I'll probably get an additional plant either bell or poblano this season and see how it does.


----------



## j4c11 (Apr 30, 2017)

I got an early start this year! Thus far I have 4 ghost peppers, 6 habaneros, 10 Jalapenos, 10 Cayenne and 7 New Mexico. They were all seeded at exactly the same time, but grew very differently. The New Mexico peppers just took off - so much that I've had to repot them, followed by the Jalapenos, the Cayenne, and a distant last the superhots which took close to 40 days to germinate and have been growing very slowly since. If you're thinking of growing superhots from seed and haven't done so yet, better get them going right now.

The setup is a 48" 5-shelf stainless steel rack from Sams Club with 3 x dual T8 shop lights on each level. The distance between shelves gets progressively larger so the plants start at the top and move down as they grow, always staying about 3" from the lights. I also have an Inkbird temperature controller hooked up to a space heater to keep the temp at around 65.

I have another small greenhouse indoors where I start seed. I keep this one at about 80 degrees - it's easier to maintain 80 from indoor temp as base.

I also started parsley, dill, onions, 10 eggplants and about 16 heads of lettuce. I will start another batch of lettuce shortly and every 3 weeks thereafter. Early March I will be seeding a bunch of sweet peppers, tomatoes and basil. Anything else will be sown straight into the ground.


----------



## J_nick (Jan 28, 2017)

40 days to germinate? I would have gave up on them.

I plan on doing a couple cherry tomatoes ( my 3 yo will eat everyone of them) a couple larger tomatoes for salsa and slicers, a couple of jalapeños and a habenaro. There may be more but that's the plan for now.


----------



## j4c11 (Apr 30, 2017)

Unfortunately the capsicum chinense species (which includes all the superhot varieties - habanero, ghost pepper, the scorpions and the 7 pots including the Carolina Reaper) is famously slow to germinate and grow from seed.
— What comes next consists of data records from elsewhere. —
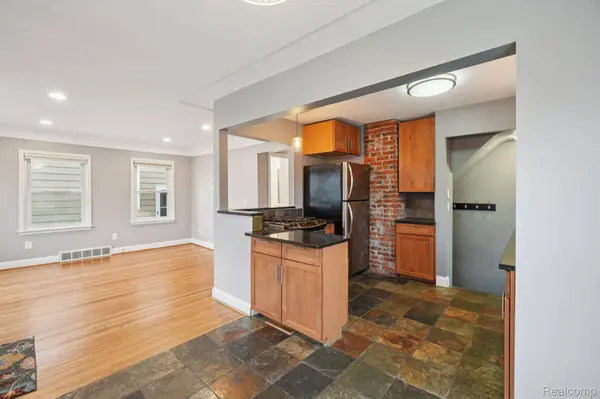 233 Linden AVE, Royal Oak, MI 48073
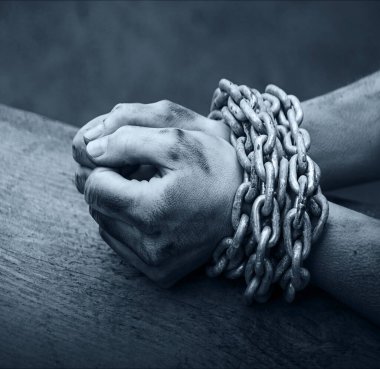 Yakın görüş eski kanun tehlikesi. Stresli erkek çocuk Tanrı 'dan yaşam ahşap metin uzayına yardım etmesini diliyor. Kapanış limiti, acı, kadın bileğini bağlıyor. Demir halat, vücut istismarını engelliyor.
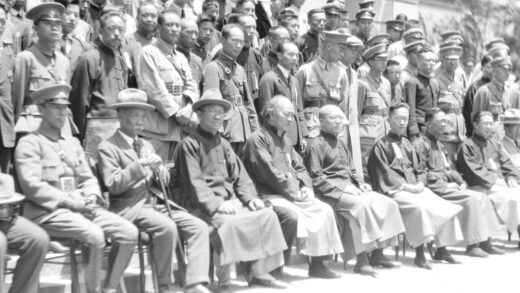 【jpg清晰版】1927年国民党高层官员在南京庆祝国民政府定都.jpg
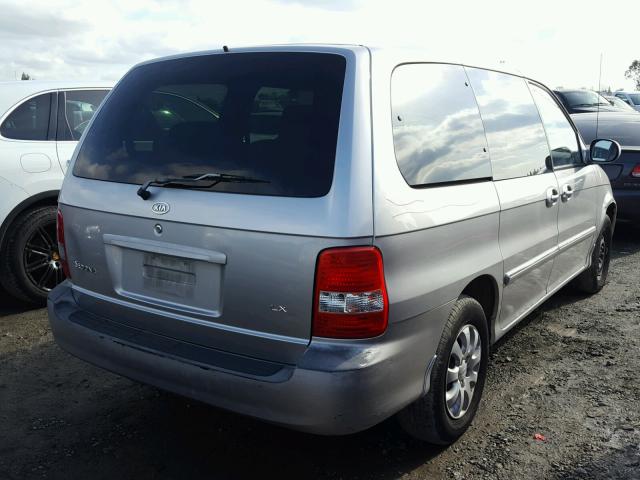 KNDUP131346543675 - 2004 KIA SEDONA EX SILVER photo 4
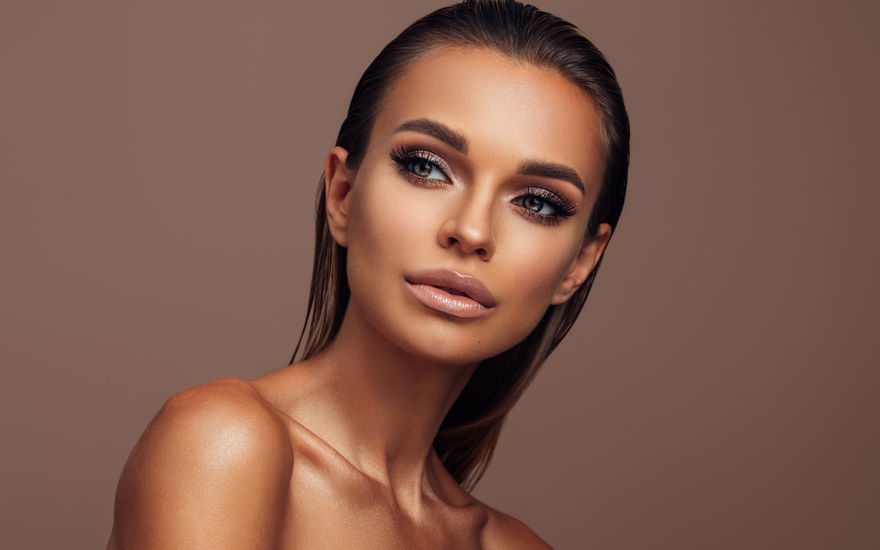 Frau strahlender Teint mit Bronzer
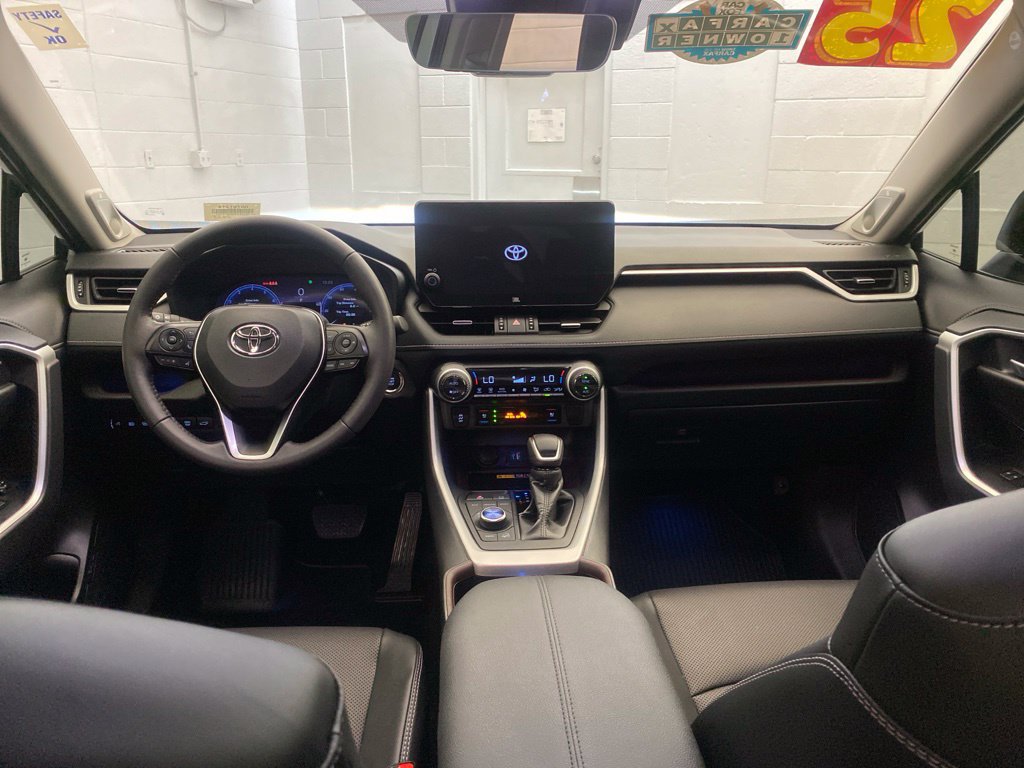 Used 2025 Toyota RAV4 Limited w/ Advanced Technology Package AWD/4WD image 12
I will probably try to overwinter a few of them indoors next winter.


----------



## ceral weed killer (Jul 29, 2018)

A man after my own heart!

I always have what my friends refer to as a "salsa garden". Tomatoes, peppers, cilantro, tomatillos and onions.

I prefer habaneros and should have 8-10 plants, then jalapeno with another 8-10 and then I find something interesting to play with. Have grown scotch bonnets, ghost, reapers, scorpions etc. Probably going to grow some more ghost this year, haven't grown them in several years and I kinda think I like them better than most of the other "hot" peppers. only 2-3 plants of those and I will be giving a bunch away!
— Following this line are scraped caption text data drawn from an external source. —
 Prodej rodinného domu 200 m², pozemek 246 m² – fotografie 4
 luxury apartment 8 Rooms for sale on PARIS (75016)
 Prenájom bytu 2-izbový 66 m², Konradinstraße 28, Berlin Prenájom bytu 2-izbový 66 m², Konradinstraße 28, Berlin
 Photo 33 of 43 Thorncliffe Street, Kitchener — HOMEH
We don't make much hot sauce but we do like to make habanero gold pepper jelly. It is really good. Most of the rest I use in smoked sausage that we make each year from our venison. The rest will be diced up and frozen in individual serving sized bags and be used year round in chili, tacos and the like.

You look to be way ahead of the game, those plants look great!


----------



## Miggity (Apr 25, 2018)

Last year I overwintered two Carolina Reapers indoors that I had purchased directly from Smoking Joe at Puckerbutts in 2017. They got over 6 feet tall last summer, but I lost them both this winter. I use them mostly for making deer and rabbit repellent spray.

I never had much luck with jalapenos, they keep getting eaten before getting picked, I think by mice.


----------



## j4c11 (Apr 30, 2017)

Miggity said:


> Last year I overwintered two Carolina Reapers indoors that I had purchased directly from Smoking Joe at Puckerbutts in 2017. They got over 6 feet tall last summer, but I lost them both this winter. I use them mostly for making deer and rabbit repellent spray.
> 
> I never had much luck with jalapenos, they keep getting eaten before getting picked, I think by mice.


How tall did the Reapers get the first year?


----------



## Miggity (Apr 25, 2018)

j4c11 said:


> How tall did the Reapers get the first year?


Probably close to 3 feet. The stems were much weaker the first year, so I had some losses due to branch breakage. The second year the stems were about the size of a nickle.


----------



## j4c11 (Apr 30, 2017)

Miggity said:


> Probably close to 3 feet. The stems were much weaker the first year, so I had some losses due to branch breakage. The second year the stems were about the size of a nickle.


Thank you. Trying to do a better job of placement this year as the Poblanos got over 6 ft tall last year and shaded everything behind them. This is my first time growing the chinese varieties. The foliage on the young plants looks very different from the other peppers, so I expect they'll behave differently.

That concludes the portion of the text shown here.